Sale la tensione tra Stati Uniti e Cina in quella che è ormai una guerra commerciale conclamata. Un conflitto che tipicamente è facile da iniziare ma difficile da fermare. Dopo che lunedì Pechino ha risposto all’aumento dei dazi su acciaio e alluminio decisi da Washington alzando la barriere su 128 prodotti nel settore agroalimentare, gli Stati Uniti hanno pubblicato una lista di circa 1.300 prodotti esportati dalla Cina sui quali potrebbe imporre tariffe per un valore di circa 50 miliardi di dollari. Pechino ha risposto a sua volta con dazi sorprendentemente di entità analoga.
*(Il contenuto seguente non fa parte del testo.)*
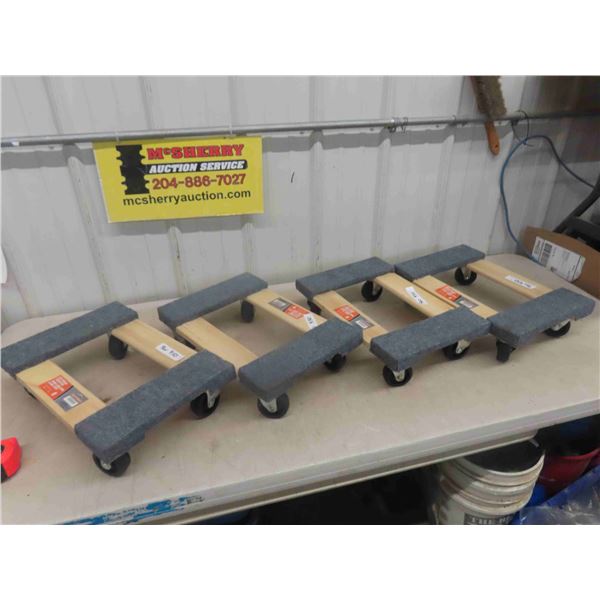 (4) 12  X 18  Platform Dollies - 500lb Limit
L’elenco dei prodotti cinesi colpiti, che comprende prodotti chimici industriali, medicinali e metalli, deve ancora essere ultimato ed è considerato la risposta al presunto furto cinese di segreti industriali, con violazione della proprietà intellettuale di software, brevetti e tecnologia “made in Usa”.
Immediata è arrivata la controffensiva di Pechino. In un primo momento la Cina ha condannato l’annuncio degli Stati uniti di nuovi dazi doganali su una lista di prodotti cinesi e si è detta pronta a rispondere “nei prossimi giorni” alla decisione. Poi Pechino è passata all’azione e ha dato seguito al comunicato del ministero del Commercio con i fatti: 106 prodotti tra cui auto, whisky e soia per un valore complessivo di 50 miliardi di dollari saranno tassati al 25%.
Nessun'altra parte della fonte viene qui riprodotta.